La Guerra Fría permitió a Estados Unidos definirse frente a un enemigo: la Unión Soviética y el comunismo. Aportó cuarenta años de gran estabilidad a la política estadounidense. Republicanos y demócratas compartieron el poder: los primeros obtuvieron cinco victorias presidenciales aplastantes, mientras que los segundos dominaron casi siempre el Congreso. Ideológicamente, los dos grandes partidos apenas se enfrentaron, cada uno con sus alas conservadora y progresista. Sin embargo, desde el final de la Guerra Fría, Estados Unidos ha carecido de una gran narrativa. A grandes rasgos, el país disponía de dos tesis: por un lado, el fin de la historia, a la Francis Fukuyama, según el cual la caída del comunismo conduciría al triunfo general de la democracia liberal; por otro, el choque de civilizaciones teorizado por Samuel Huntington. Mientras que los hechos han dado la razón a Huntington, nuestras élites han optado por Fukuyama, lo que ha agravado su desconexión con la vida cotidiana de los americanos de a pie, sobre todo en tres ámbitos clave: la globalización, la inmigración y la política exterior. Sólo Trump rompió este consenso antipopulista cuando fue elegido en 2016.
¿Cómo?
Trump rompió con el establishment neoconservador, inmigracionista y neoliberal de los dos grandes partidos. Desde los años de Clinton, tanto los republicanos como los demócratas habían comulgado con un consenso de libre comercio que conducía a una carrera internacional a la baja y a la deslocalización masiva. En el frente diplomático, la reacción a los atentados del 11 de septiembre de 2001 exacerbó el aventurerismo de nuestra política exterior mediante guerras que el Congreso autorizó oficialmente aunque sin declararlas. Y en materia de inmigración, la tendencia fue hacia la apertura de fronteras. En todas estas cuestiones, Trump está revirtiendo la situación. También ha hecho una importante transformación de signo populista dentro del Partido Republicano al prometer proteger la seguridad social y el seguro médico.

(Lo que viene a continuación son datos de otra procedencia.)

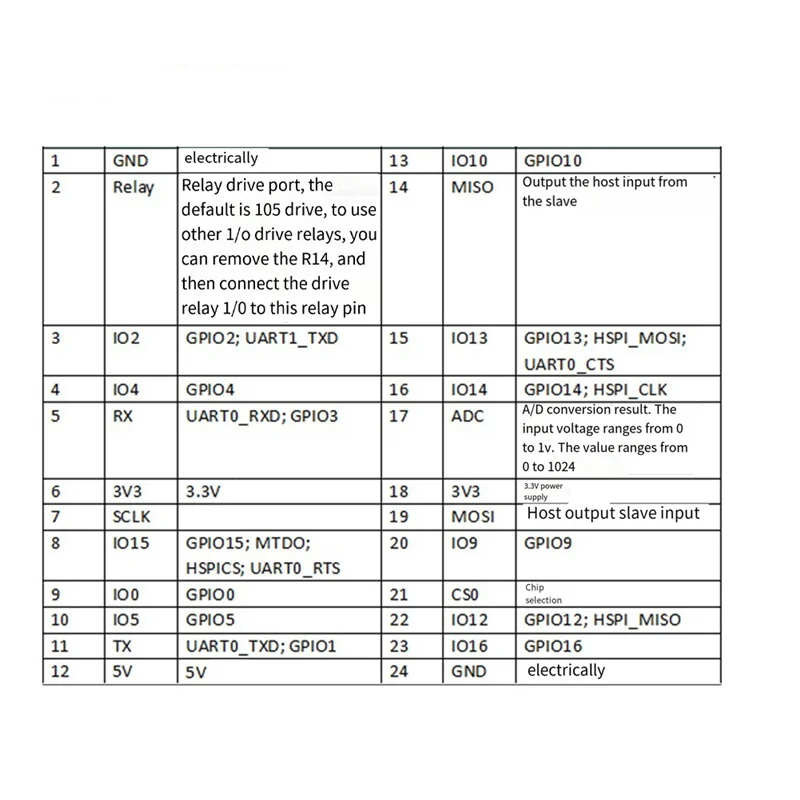 Make-Relay Module E…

No obstante, existe un puente entre el actual Partido Republicano trumpista y el de W. Bush: la influencia de los cristianos evangélicos en su seno. El conservadurismo moral que los caracteriza, ¿no aleja al candidato Trump de una gran parte de los estadounidenses?
Históricamente, el voto evangélico, muy denostado por los medios de comunicación, ha perjudicado de hecho a los republicanos entre los votantes que se declaran moderados. Sin embargo, yo matizaría esta observación. En primer lugar, la influencia de los evangélicos ha disminuido a medida que se reducía la religiosidad estadounidense. En segundo lugar, una ideología secular, la woke, igualmente moralista, se ha impuesto como resultado de este declive. Para el votante moderado, esto es un repelente tan poderoso como el evangelismo. Con todo, el voto evangélico sigue siendo el bloque electoral más fuerte y fiable en las elecciones presidenciales. Por eso su influencia en el Partido Republicano se sigue sintiendo, pero en mucha menor medida que bajo W. Bush. También hay muchos votantes muy patriotas pero poco comprometidos políticamente que apoyan a Trump, sin llamarse republicanos. Se trata de cristianos culturales, no necesariamente muy religiosos, que encajarán muy bien en una coalición que incluye a los evangélicos y a la mayoría de los católicos, como J. D. Vance.